Statement by Laurie Flynn, Executive Director
the National Alliance for the Mentally Ill

For Immediate Release, March 22, 2000
Contacts: Bob Carolla or Anne-Marie Chace 703-516-7963


NAMI commends Senators Charles Grassley (R-IA) and Edward Kennedy (D-MA) for their vision in following enactment of the Ticket to Work and Work Incentives Improvement Act (TWWIIA) with the introduction of similar legislation to allow many more families to escape the problem of "job lock." Today's legislation offers stability and recovery to children with severe and chronic disabling disorders, including early-onset mental illnesses.

Mental illnesses are biological brain disorders, and must be treated equally with disabilities involving any other bodily organ or system. Health insurance plans must not discriminate in amount, duration, or scope between mental illnesses and other diagnoses.

NAMI knows only too well the terrible choices families must make. Through years of paying medical and support expenses beyond their health plan coverage's for their ill children, many families have lost homes, savings for their children's higher education, for their retirement, and nearly lost hope.

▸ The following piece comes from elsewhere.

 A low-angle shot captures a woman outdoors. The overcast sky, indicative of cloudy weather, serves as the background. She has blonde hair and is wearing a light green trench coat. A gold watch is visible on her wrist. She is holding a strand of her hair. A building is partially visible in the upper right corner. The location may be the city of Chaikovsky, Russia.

The Family Opportunity Act restores hope. It maintains family responsibility for the provision of care to a disabled child by requiring states which choose this proposed Medicaid option to charge families on a sliding scale with maximum out-of-pocket limits adjusted to income. It puts an end to the current, intolerable situation in which families are crushed financially. It is a well-considered first step. NAMI hopes that it eventually will be applied to all state Medicaid plans. The demonstration title of the bill should help states to "reason their way" to reform.

Approximately, 850,000 children are enrolled in the Supplemental Security Income program, having satisfied the stringent criteria for childhood disability. Significant proportions are disabled by mental disorders other than retardation. If family incomes increase by too much, these children lose their SSI and Medicaid benefits. The policy creates an enormous, virtually insurmountable, disincentive for families with chronically ill children, who risk losing health coverage for their children if they try to improve their family's financial position.

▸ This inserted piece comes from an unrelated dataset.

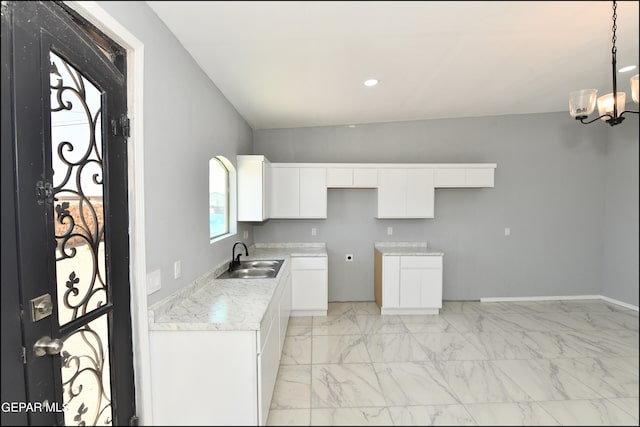 kitchen with white cabinetry, an inviting chandelier, sink, lofted ceiling, and light tile patterned flooring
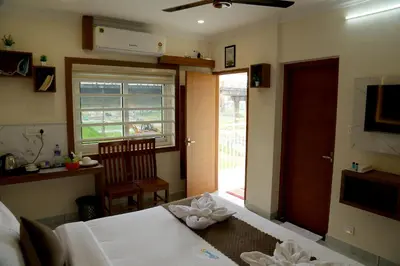 a bedroom with a bed and a door to a patio at Cloud9 Airport Hotel in Nedumbassery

The bill summary cites a recent 20-state survey that has reported that 64 percent of families with special needs children "are turning down jobs, turning down raises, turning down overtime, and are unable to save money for the future of their children and family-so that they can stay in the income bracket that qualifies their child for SSI and Medicaid." Consequently, fewer than one in twenty-five of these families ever leave the SSI rolls through upward economic mobility.

Too often, families are forced to give up custody of their children to obtain health care services for them. NAMI welcomes the Family Opportunity Act as a measure that will help put an end to this horrible choice for loving and caring families in which there has been no abuse or neglect. We will ask our 210,000 members nationwide to work for its passage.